The general idea of MusicBrainz is to distribute the whole database across several server where all are considered equal. Full distribution is hard to do, there a several solutions to do this.

Several issues still need to be resolved to make distribution happen. For example, if eveybody can run their own server, how can we trust updates of the distributed database. Will the voting system still work for small servers with small communities, or do we implement cross-server voting. A nice way to solve this issue is to vote periodically on a server that is in charge of new ArtistID, TrackID, or VoteIDs.

Options:

- Use Posegress exclusively

- Use several servers that mirror a single MASTER

- Use equals servers that replicate changes and a single MASTER that manages the artist/album/track IDs.

- Use web services to register listeners among other servers and coordinate propagation among servers (ScottMcClure)

- Any others?

Another fundamental choice is the group process.

- A single list with a known and trusted MB servers.

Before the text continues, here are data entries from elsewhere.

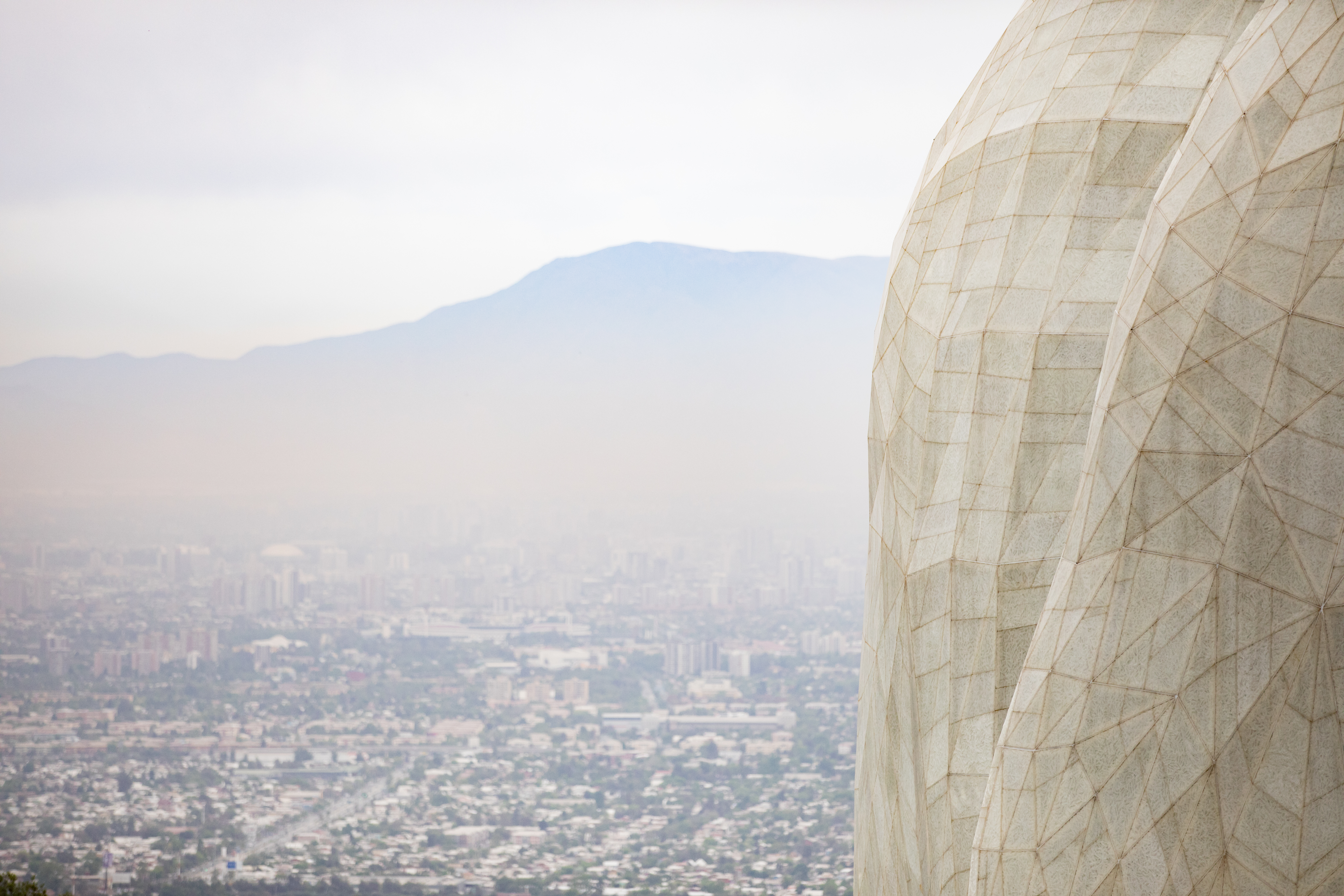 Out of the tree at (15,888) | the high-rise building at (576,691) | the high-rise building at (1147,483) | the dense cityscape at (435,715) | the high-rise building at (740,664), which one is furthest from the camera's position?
the high-rise building at (740,664)

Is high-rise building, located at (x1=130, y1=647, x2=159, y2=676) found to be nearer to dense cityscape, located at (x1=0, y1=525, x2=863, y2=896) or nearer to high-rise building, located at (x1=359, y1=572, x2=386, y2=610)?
dense cityscape, located at (x1=0, y1=525, x2=863, y2=896)

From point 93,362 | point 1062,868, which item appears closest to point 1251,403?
point 1062,868

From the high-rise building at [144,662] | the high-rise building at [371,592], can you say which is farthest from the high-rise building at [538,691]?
the high-rise building at [144,662]

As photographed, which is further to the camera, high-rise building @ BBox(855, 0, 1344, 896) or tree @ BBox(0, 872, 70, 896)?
tree @ BBox(0, 872, 70, 896)

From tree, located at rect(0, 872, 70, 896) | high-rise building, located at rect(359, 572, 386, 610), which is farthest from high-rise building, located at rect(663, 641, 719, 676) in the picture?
tree, located at rect(0, 872, 70, 896)

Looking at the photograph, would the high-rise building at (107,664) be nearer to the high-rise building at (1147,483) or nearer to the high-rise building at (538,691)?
the high-rise building at (538,691)

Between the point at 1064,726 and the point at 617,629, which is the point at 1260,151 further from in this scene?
the point at 617,629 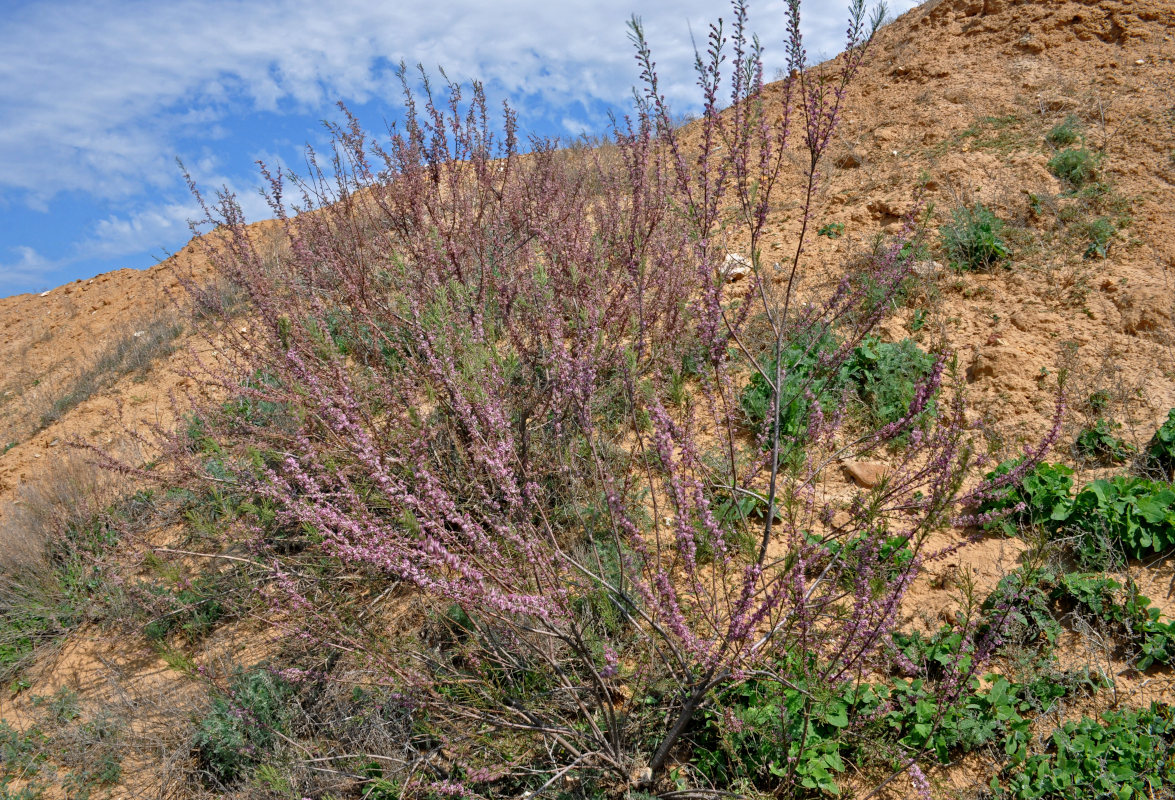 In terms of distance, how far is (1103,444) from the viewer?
370cm

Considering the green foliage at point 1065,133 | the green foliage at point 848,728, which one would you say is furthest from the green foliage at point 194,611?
the green foliage at point 1065,133

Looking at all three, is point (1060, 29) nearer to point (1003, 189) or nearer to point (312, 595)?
point (1003, 189)

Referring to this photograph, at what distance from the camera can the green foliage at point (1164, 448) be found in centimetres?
342

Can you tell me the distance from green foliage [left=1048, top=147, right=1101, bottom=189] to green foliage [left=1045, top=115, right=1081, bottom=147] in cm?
37

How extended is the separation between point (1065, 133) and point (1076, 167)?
71 centimetres

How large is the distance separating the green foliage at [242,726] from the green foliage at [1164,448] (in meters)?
5.27

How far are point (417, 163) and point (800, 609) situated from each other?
179 inches

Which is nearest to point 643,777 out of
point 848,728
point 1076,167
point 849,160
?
point 848,728

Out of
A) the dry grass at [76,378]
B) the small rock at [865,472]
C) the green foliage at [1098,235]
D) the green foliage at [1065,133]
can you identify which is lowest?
the small rock at [865,472]

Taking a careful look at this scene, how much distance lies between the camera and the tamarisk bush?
235cm

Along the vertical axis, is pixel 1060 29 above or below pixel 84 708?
above

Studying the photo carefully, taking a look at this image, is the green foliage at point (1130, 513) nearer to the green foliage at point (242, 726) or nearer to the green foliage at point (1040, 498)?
the green foliage at point (1040, 498)

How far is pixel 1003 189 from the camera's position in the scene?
18.7 ft

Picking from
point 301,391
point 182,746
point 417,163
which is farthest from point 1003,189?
point 182,746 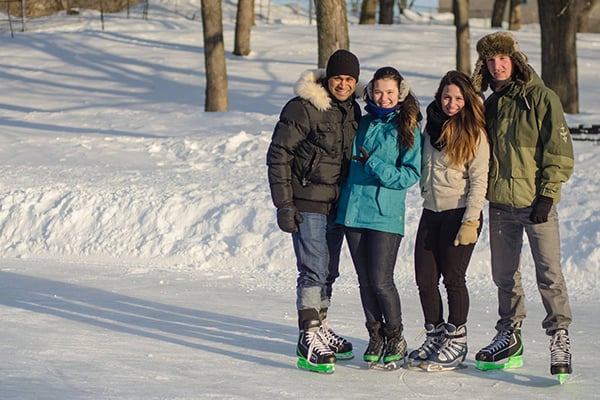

- A single list of known MB root servers that may propagate their changes to others in a hierarchy.

- total anarchy where each server logs the raputation of other MB servers

The MySQL solution: MySQL replication This MySQL feature assigns a single central server to coordinate the database updates. Other servers are connected as read-only slaves that sync regularly with the main server for updates. Does anybody have this setup working currently?

Johan


It might be worthwile to take a look at what CPAN has done for their replication. http://www.cpan.org/misc/cpan-faq.html#What_is_CPAN 

tom



Erlang's Mnesia database system is designed to be distributed (and fault tolerant).

Huge table could be split among several nodes. Important tables could be replicated among several nodes.

A transaction to a table replicated or shared among nodes is either successful executed on all nodes or rolled back.

The problem of data holiganism still exists. So one probably still needs either trust or a review system.

Marc